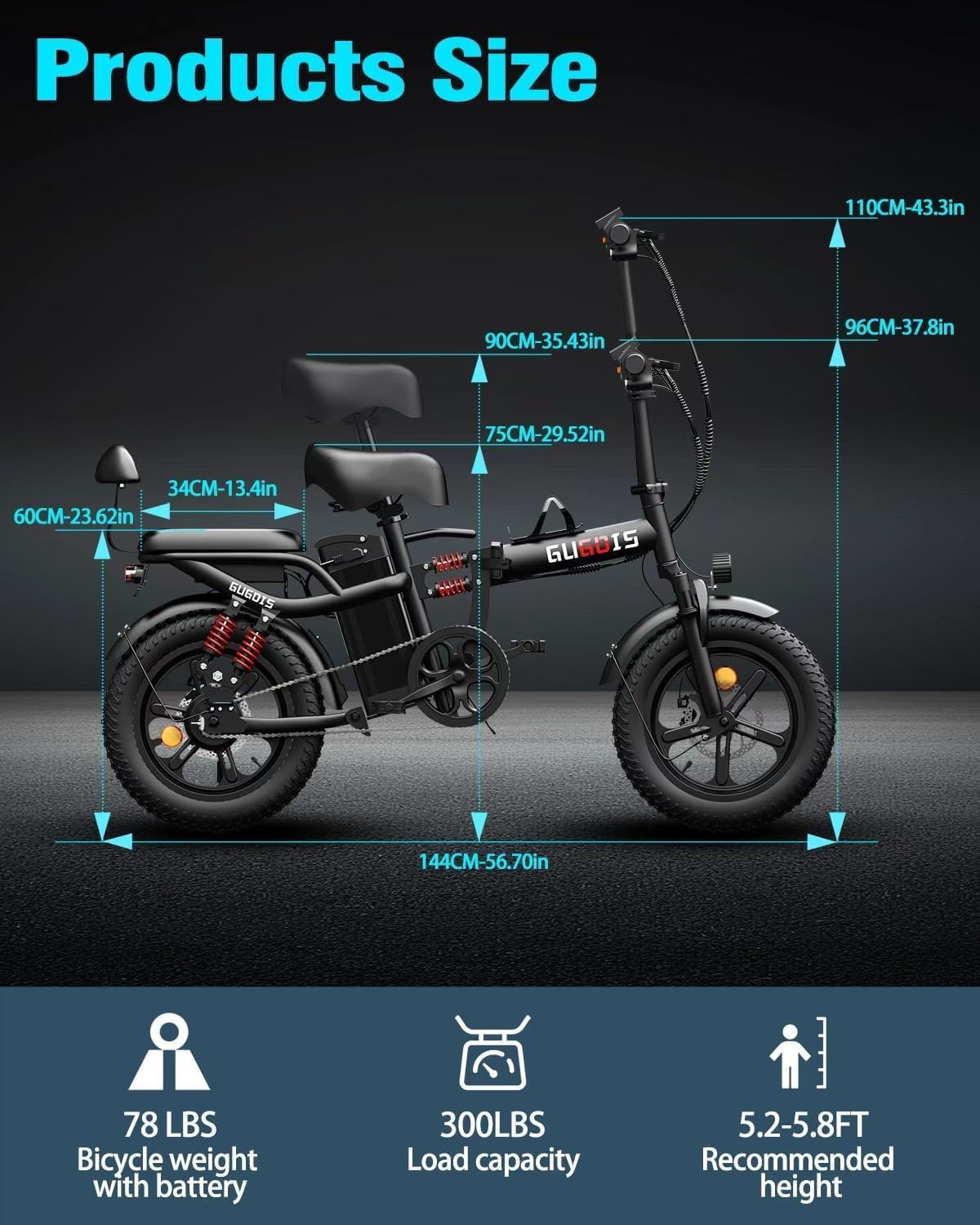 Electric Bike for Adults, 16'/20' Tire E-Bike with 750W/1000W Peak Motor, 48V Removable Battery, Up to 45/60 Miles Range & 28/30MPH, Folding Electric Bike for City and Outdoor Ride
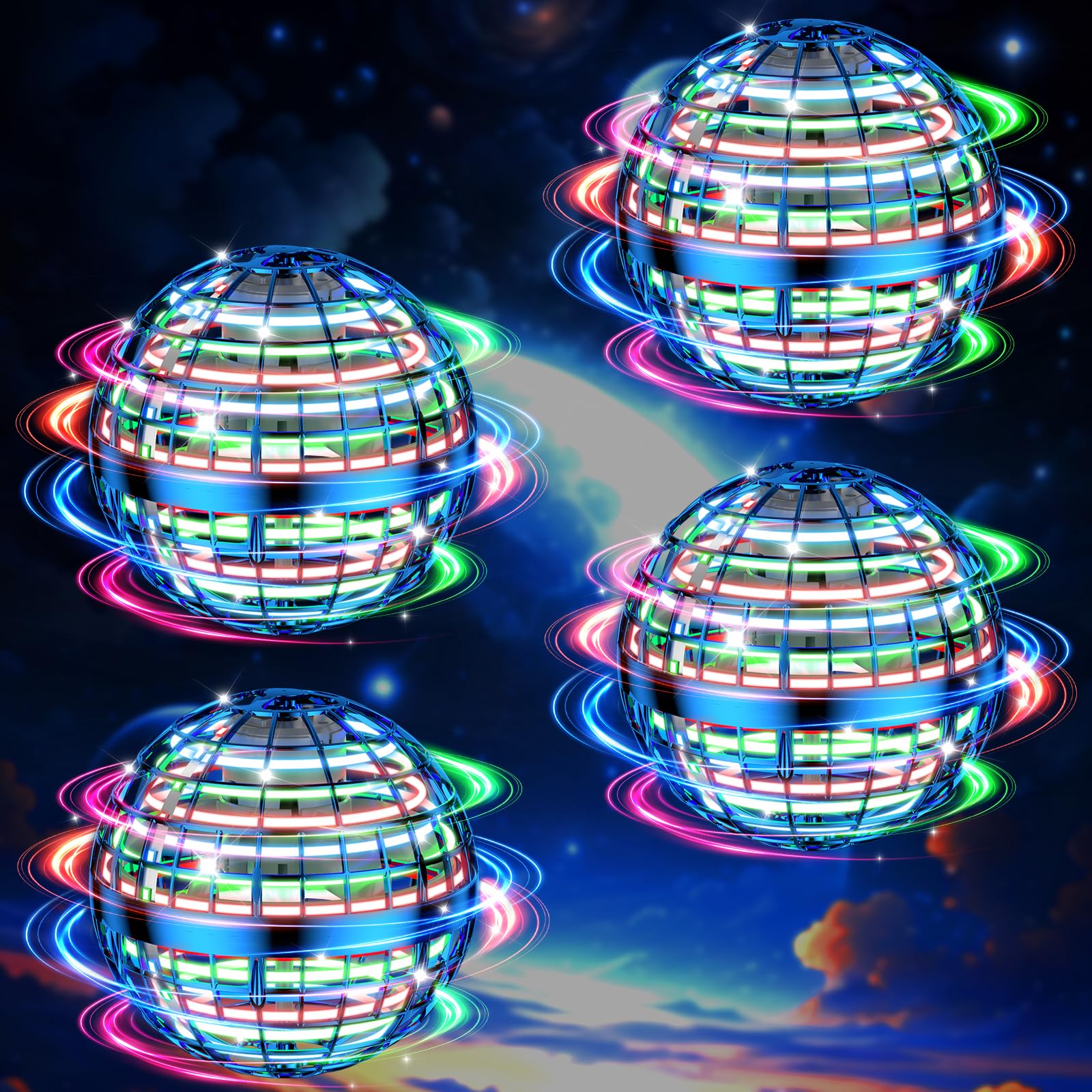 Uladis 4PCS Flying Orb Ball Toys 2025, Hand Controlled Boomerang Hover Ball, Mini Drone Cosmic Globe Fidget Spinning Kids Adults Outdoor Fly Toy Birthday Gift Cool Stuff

....

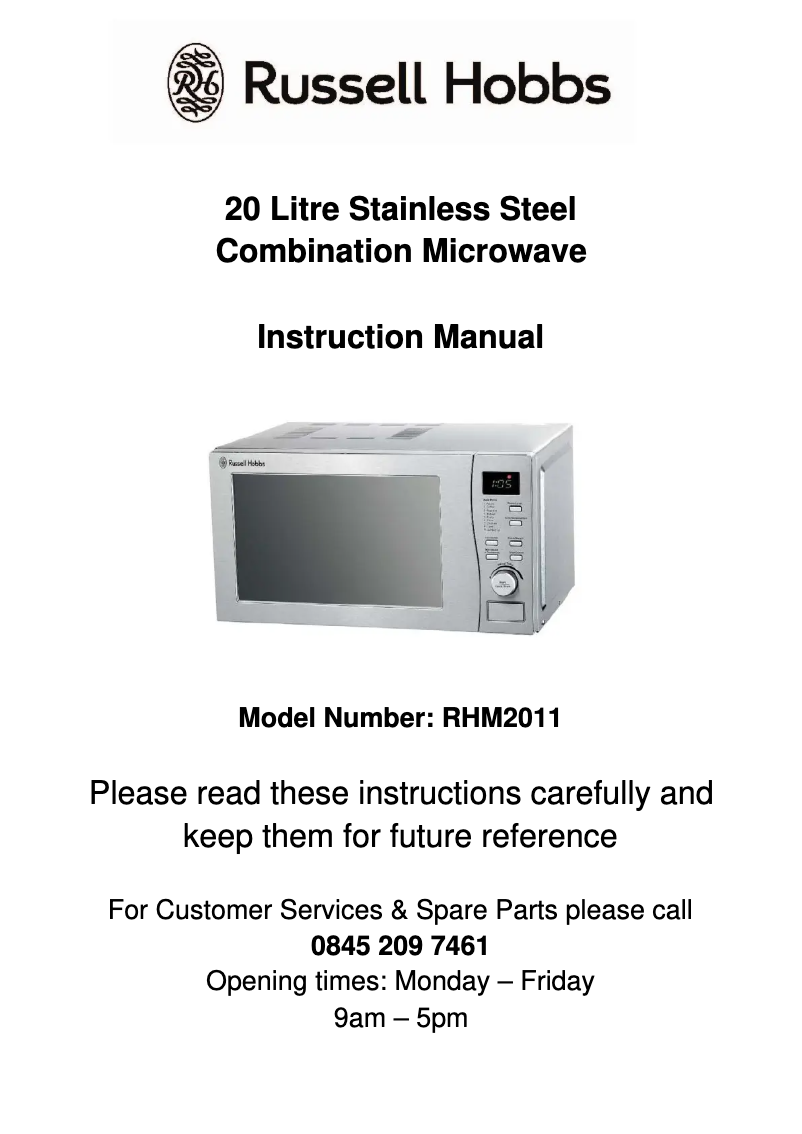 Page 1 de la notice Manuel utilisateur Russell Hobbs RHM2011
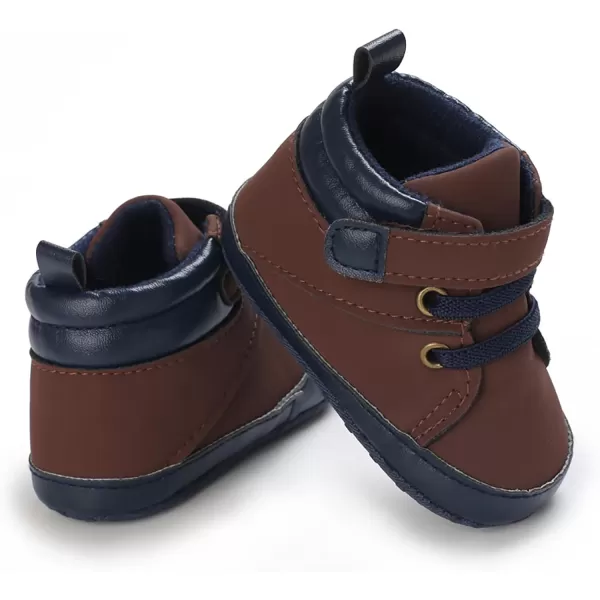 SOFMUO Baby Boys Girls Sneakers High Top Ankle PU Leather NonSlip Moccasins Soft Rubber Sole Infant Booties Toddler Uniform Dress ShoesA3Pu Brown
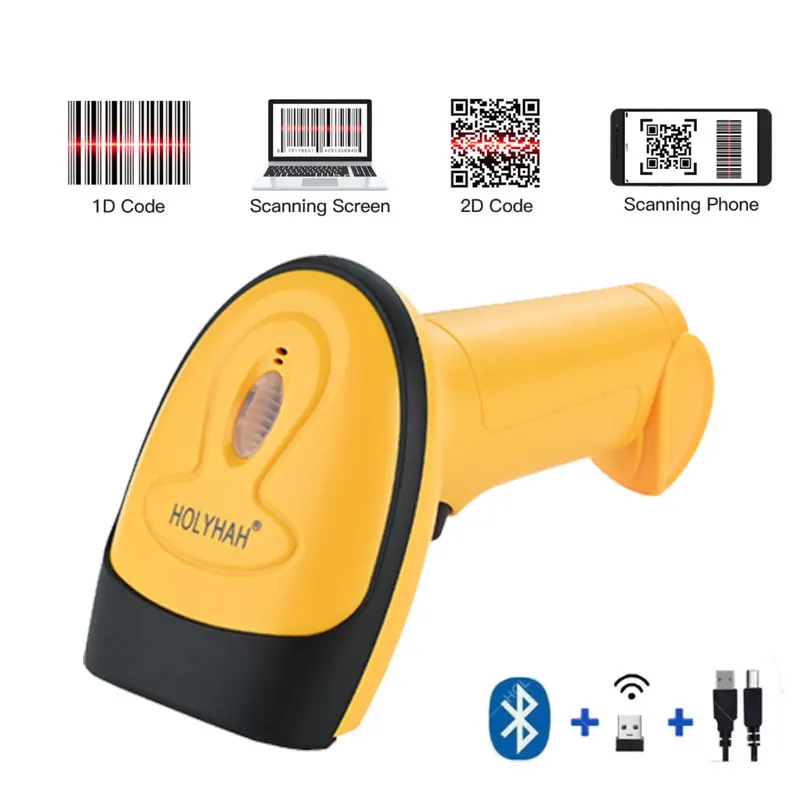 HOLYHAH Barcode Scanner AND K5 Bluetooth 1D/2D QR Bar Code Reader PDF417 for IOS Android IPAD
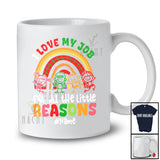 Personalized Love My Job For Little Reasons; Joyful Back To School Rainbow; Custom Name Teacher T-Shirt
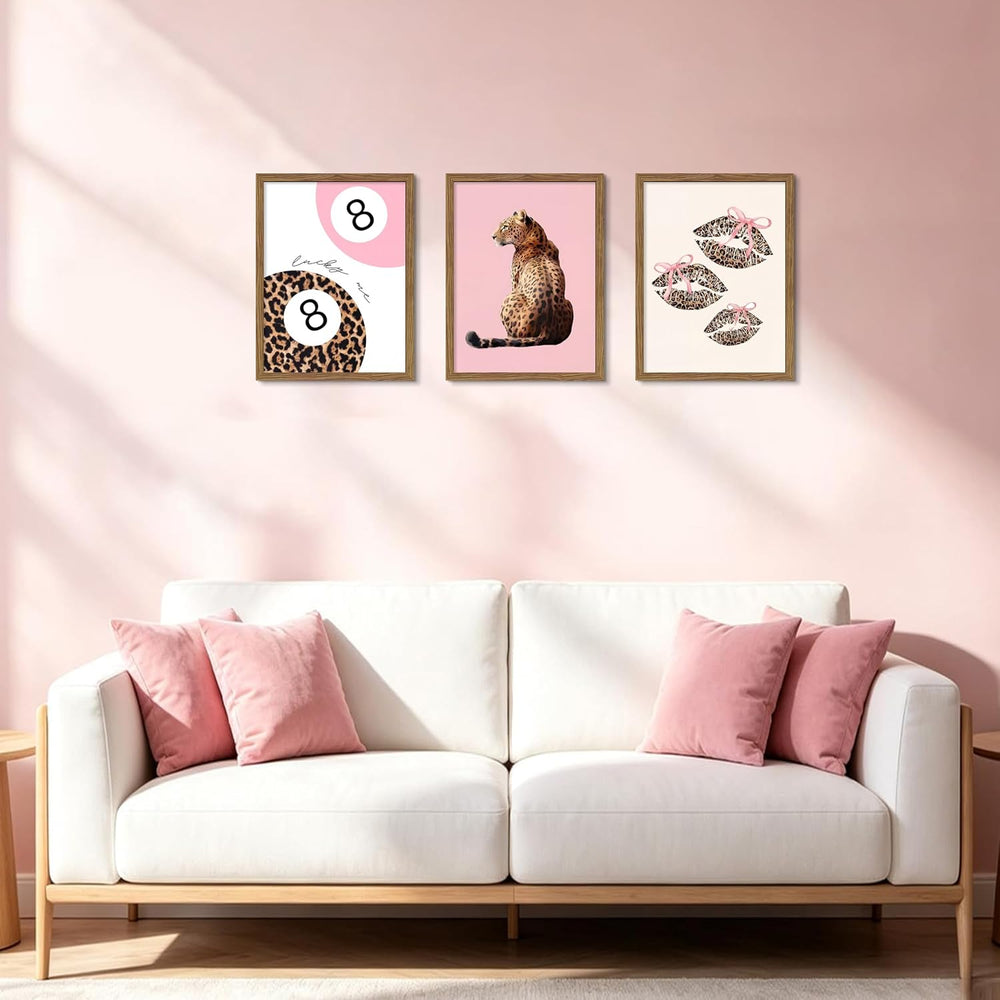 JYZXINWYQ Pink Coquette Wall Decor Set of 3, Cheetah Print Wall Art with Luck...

....

## Requirement
Copy word for word the span of the records above that begins at the line with "Electric Bike for Adults, 16'/20'" and ends at the line with "Uladis 4PCS Flying", including those two lines but not the pictures.

## Result of this exercise
 Electric Bike for Adults, 16'/20' Tire E-Bike with 750W/1000W Peak Motor, 48V Removable Battery, Up to 45/60 Miles Range & 28/30MPH, Folding Electric Bike for City and Outdoor Ride
 Uladis 4PCS Flying Orb Ball Toys 2025, Hand Controlled Boomerang Hover Ball, Mini Drone Cosmic Globe Fidget Spinning Kids Adults Outdoor Fly Toy Birthday Gift Cool Stuff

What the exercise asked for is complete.